For what is worth, I've got the beginnings of a cunning plan to salvage this. Shall message you shortly.
 
Yay I'm not evolved this time.

Looked like you guys had fun last night. Maybe Rodeh should trade his really great sword in for a regular great sword or even a foam one. Yes we should all only be a looked to use non lethal foam weapons.
 
I'll have a real talk moment, so Asmo doesn't look completely alone in his insanity-rage.

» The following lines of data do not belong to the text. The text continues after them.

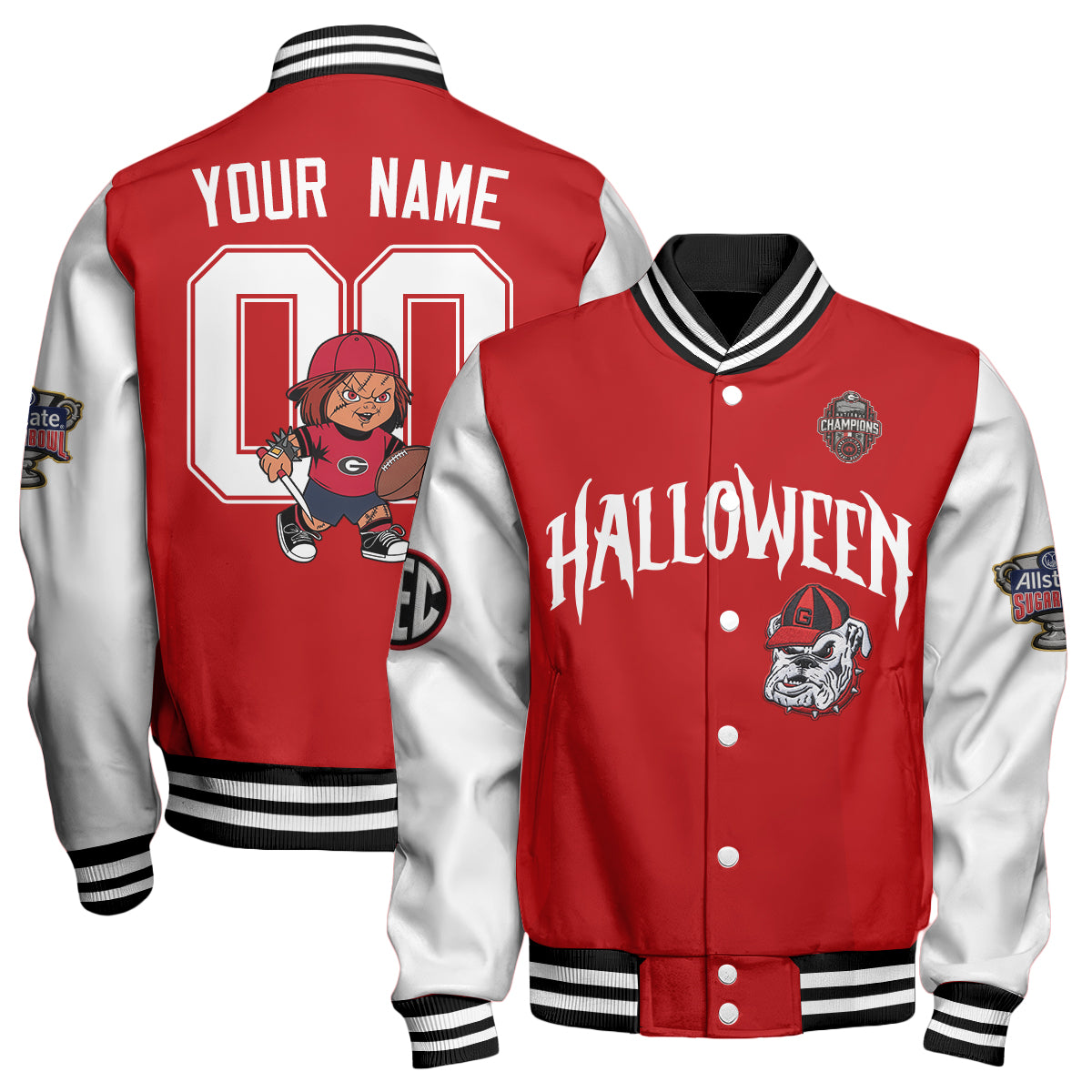 GB x Killer Doll Horror Movie Halloween 2026 Edition Custom Baseball Jacket - Printed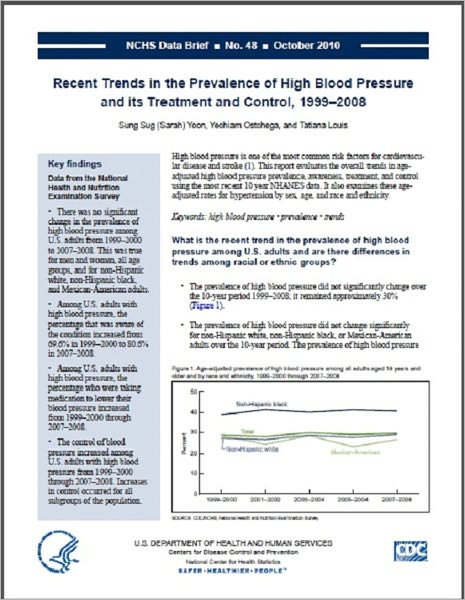 Recent Trends in the Prevalence of High Blood Pressure and its Treatment and Control, 1999–2008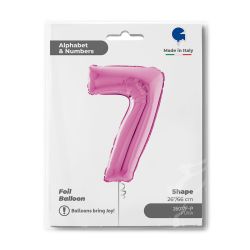 Number 7 Metallic Pink Foil Balloon 26"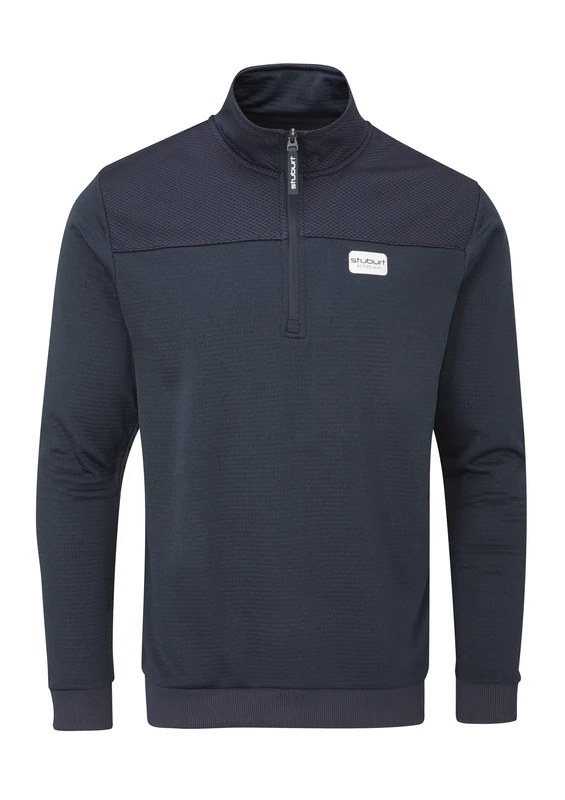Stuburt Men's Stuburt Active-tech Zip Neck Top Pullover Sweater, French Navy, M UK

I do feel the pressure from time to time, like it's up to me to figure everything out, and piece the puzzle together, even the plot hooks don't involve my character, because-- come on, this is DnD, you know everything is connected. Things just don't happen for no reason. And yes, running off ahead of the group, working parallel but in the shadows, and optimizing a character that has excellent info-gathering skills, but ZERO combat skills (ie--can't defend herself if her cover is ever blown) to compensate for it. It is a challenge I have enjoyed, though I would prefer it if my character could work more cohesively with a group.

Maybe I can do that in Chapter 2, if the villain isn't someone important to An-Nur that she has to protect with her life. That way, I can tell people what I'm planning without having to be all sneaky sneaks.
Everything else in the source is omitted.